Linux Australia expense breakdown – a data visualisation in d3.js

After learning a lot of new techniques and approaches (and gotchas) in d3.js in my last data visualisation (Geelong Regional Libraries by branch), I wanted to turn my new-found skills to Linux Australia’s end of year report. This is usually presented in a fairly dry manner at the organisation’s AGM each year, and although we have a Timeline of Events, it was time to add some visual interest to the presentation of data.

Collecting and cleaning the data

The dataset that I chose to explore was the organisation’s non-event expenses – that is, the expenditure of the organisation not utilised on specific events – items like insurance, stationery, subscriptions to online services and so on. These were readily available in the accounting software – Xero, then a small amount of data cleansing yielded a simple CSV file. The original file had a ‘long tail’ distribution – there were many data point that had only a marginal value and didn’t help in explaining the data, so I combined these into an ‘other’ category.

Visualising the data

Using the previous annular (donut chart) visualisation as the base, I set some objectives for the visualisation;

  • The colours chosen had to match those of Linux Australia’s branding
  • The donut chart required lines and labels
  • The donut chart required markers inside each arc
  • The donut chart had to be downloadable in svg format so that it could be copied and pasted into Inkscape (which has svg as its standard save format)
Colour choice

There was much prototyping involved with colour selection. The first palette selected used shading of a base colour (#ff0000 – red), but the individual arcs were difficult to distinguish. A second attempt added many (16) colours into the palette, but they didn’t work as a colour set. I settled on a combination of three colours (red, yellow, dark grey) and shades of these, with the shading becoming less saturated the smaller the values of the arc.

For anyone interested, the color range was defined as a d3.scaleOrdinal object as below.

var color = d3.scaleOrdinal()
    .range([
      '#ffc100',
      '#ff0000',
      '#393939',
      '#ffcd33',
      '#ff3333',
      '#616161',
      '#ffda66',
      '#ff6666',
      '#888888',
      '#ffe699',
      '#ff9999',
      '#b0b0b0',
      '#fff3cc',
      '#ffcccc',
      '#fff'
    ])
Lines and markers

I hadn’t used lines (polylines) and markers in d3.js before and this visualisation really needed them – because the data series labels were too wordy to easily fit on the donut chart itself. There were some examples that were particularly useful and relevant in figuring this out:

The key learning from this exercise about svg polylines is that the polyline is essentially a series of x,y Cartesian co-ordinates – the tricky part is actually using the right circular trigonometry to calculate the correct co-ordinates. This took me right back to sin and cos basics, and I found it helpful to sketch out a diagram of where I wanted the polyline points to be before actually trying to code them in d3.js.

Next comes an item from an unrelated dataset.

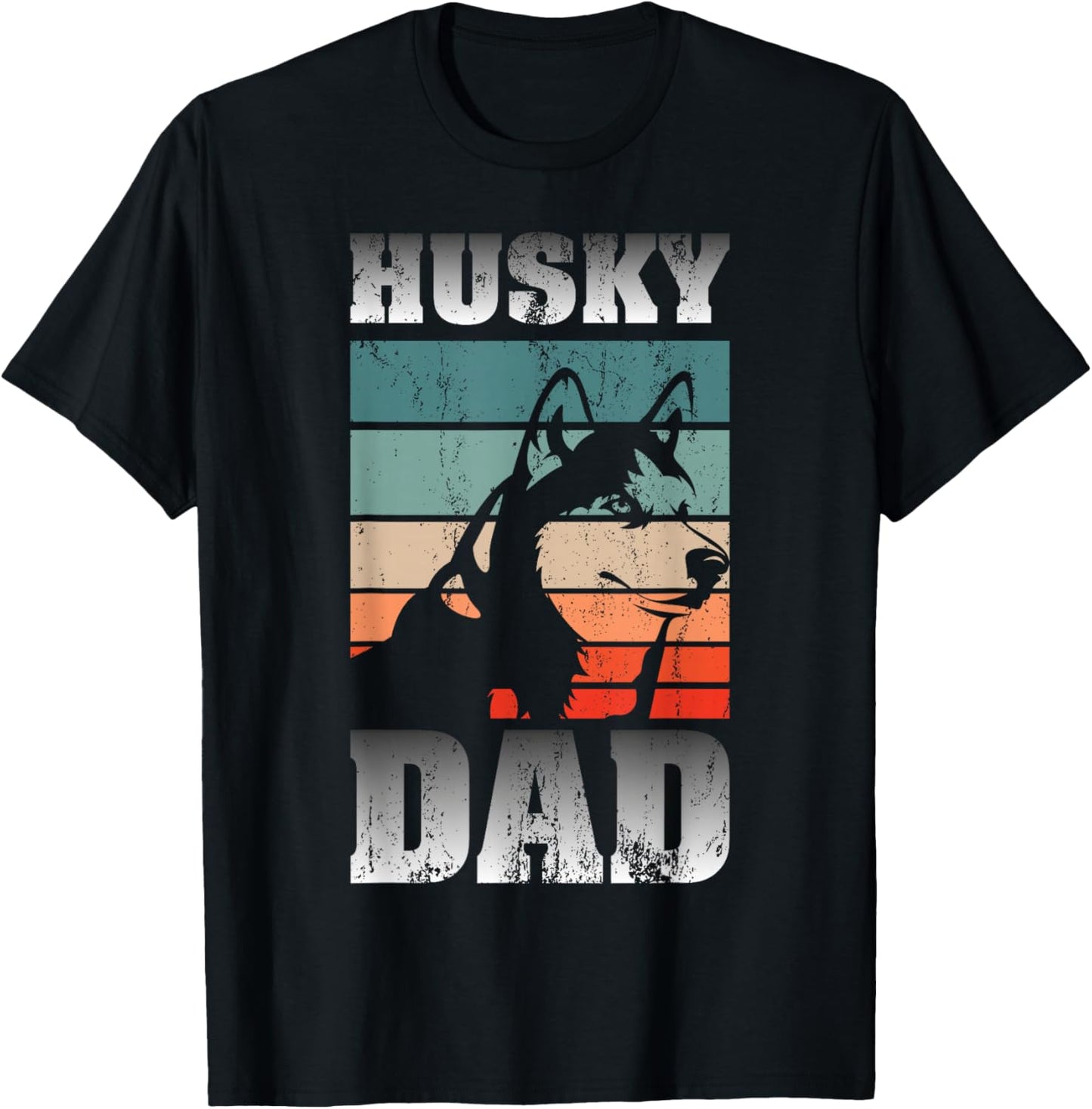 Husky Papa Siberian Dog Pet Father's Day Husky T-Shirt - T-Shirt | Black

A gotcha that tripped me up for about half an hour here was that I hadn’t correctly associated the markers with the polylines – because the markers only had a class attribute, but not an id attribute. Whenever I use markers on polylines from now on, I’ll be specifying both class and id attributes.

    .attr('class', 'marker')
    .attr('id', 'marker')

I initially experimented with a polyline that was drawn not just from the centroid of the arc for each data point out past the outerArc, but one that also went horizontally across to the left / right margin of the svg. While I was able to achieve this eventually, I couldn’t get the horizontal spacing looking good because there were so many data points on the donut chart – this would work well with a donut chart with far fewer data points.

Markers were also generally straightforward to get right, after reading up a bit on their attributes. Again, one of the gotchas I encountered here was ensuring that the markerWidth and markerHeight attributes were large enough to contain the entire marker – for a while, the markers were getting truncated, and I couldn’t figure out why.

    .attr('markerWidth', '12')
    .attr('markerHeight', '12')
Labels

Once the positioning for the polylines was solved, then positioning the labels was relatively straightforward, as many of the same trigonometric functions were used.

The challenge I encountered here was that d3.js by default has no text wrapping solution built in to the package, although alternative approaches such as the below had been documented elsewhere. From what I could figure out, d3.js does not support the tspan svg element. That is, I can’t just append tspan elements to text elements to achieve word-wrapping.

In the end I ended up just abbreviating a couple of the data point labels rather than sink several hours into text wrapping approaches. It seems odd that svg provides such poor native support for text wrapping, but considering the myriad ways that text – particularly foreign language text – can be wrapped – it’s incredibly complex.

Downloadable svg

The next challenge with this visualisation was to allow the rendered svg to be downloaded – as the donut chart was intended to be part of a larger infographic. Again, I was surprised that a download function wasn’t part of the core d3.js library, but again a number of third party functions and approaches were available:

  • Example block from Miłosz Kłosowicz – ‘Download svg generated from d3‘: in this example, the svg node is converted to base-64 encoded ASCII then downloaded.
  • d3-save-svg plugin: this plugin provides a number of methods to download the svg, and convert it to a raster file format (such as PNG). This is a fork of the svg-crowbar tool, written for similar purposes by the New York Times data journalism team.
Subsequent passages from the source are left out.